Problem » Below are lines of records; copy exactly those from the one containing "jeeps lined up in field" through the one containing "Clérachic wall light", leaving the pictures behind.

Data excerpts »
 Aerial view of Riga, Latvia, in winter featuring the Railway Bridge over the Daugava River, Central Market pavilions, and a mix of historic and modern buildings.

==

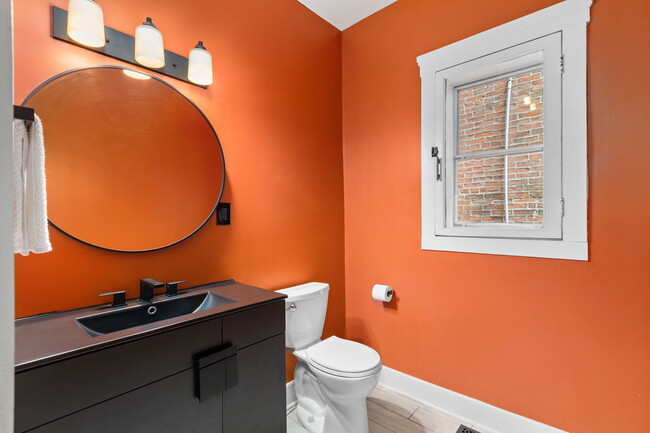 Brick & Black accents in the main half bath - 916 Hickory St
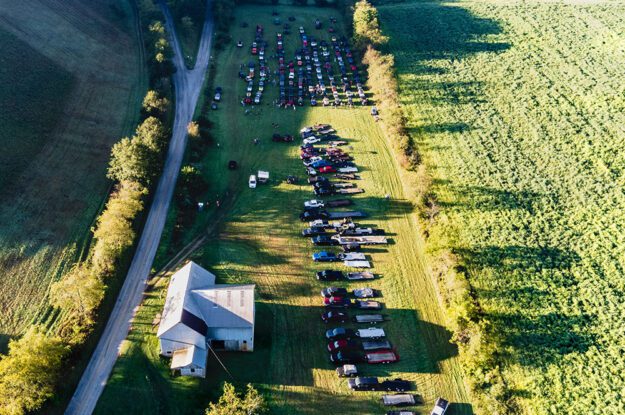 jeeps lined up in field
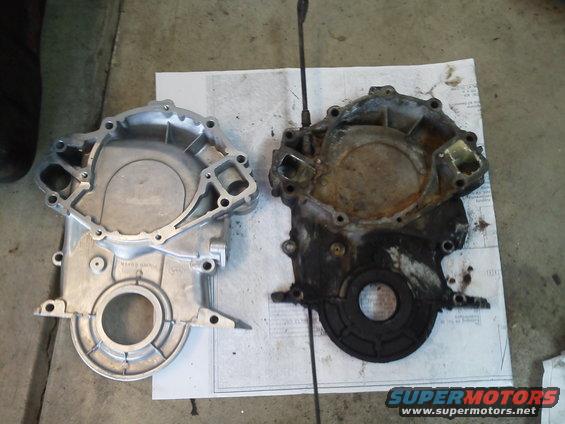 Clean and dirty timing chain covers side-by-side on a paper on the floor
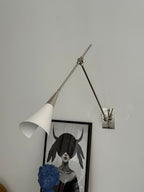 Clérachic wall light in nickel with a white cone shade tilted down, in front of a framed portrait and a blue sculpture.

* * *

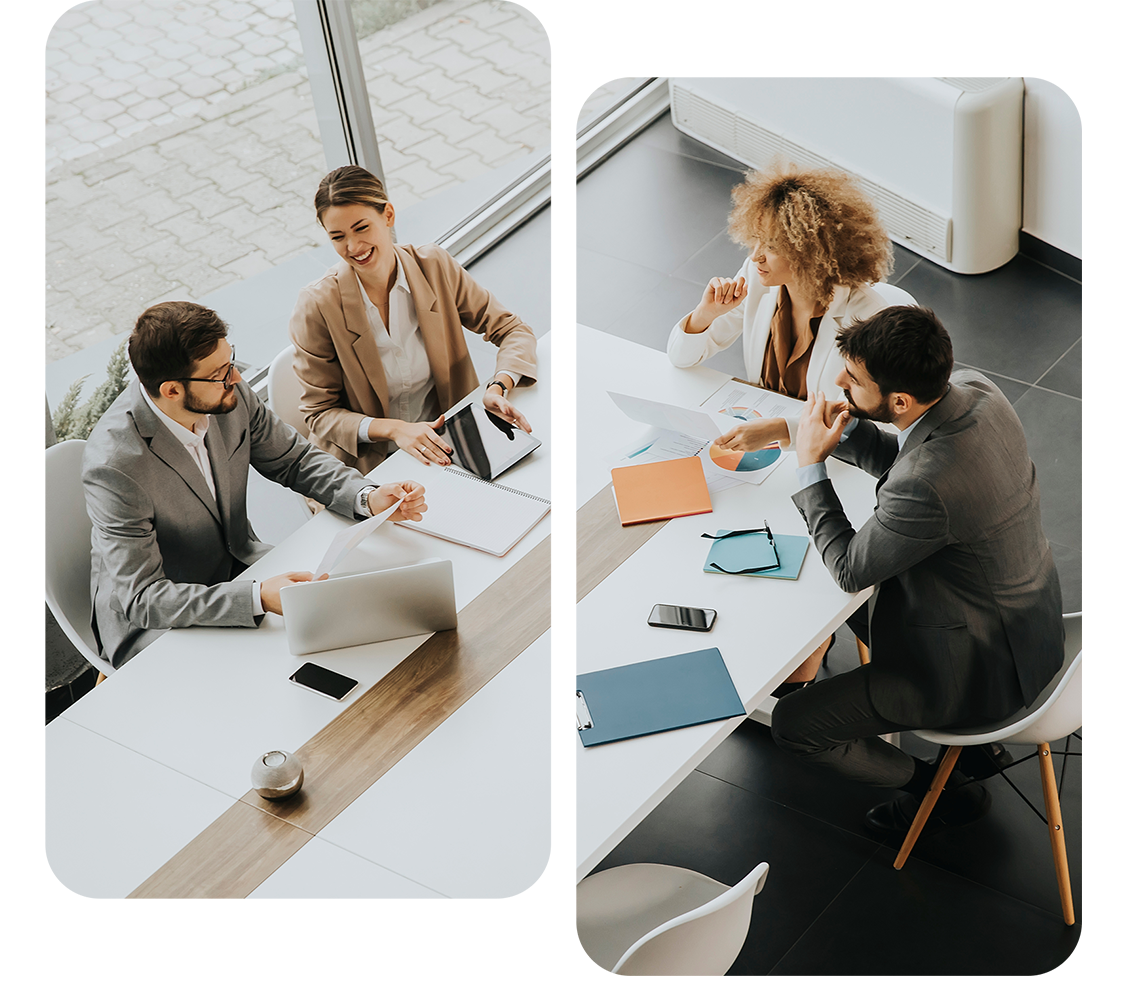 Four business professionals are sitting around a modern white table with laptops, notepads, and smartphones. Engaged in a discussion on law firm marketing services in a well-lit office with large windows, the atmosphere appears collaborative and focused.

Your response »
 jeeps lined up in field
 Clean and dirty timing chain covers side-by-side on a paper on the floor
 Clérachic wall light in nickel with a white cone shade tilted down, in front of a framed portrait and a blue sculpture.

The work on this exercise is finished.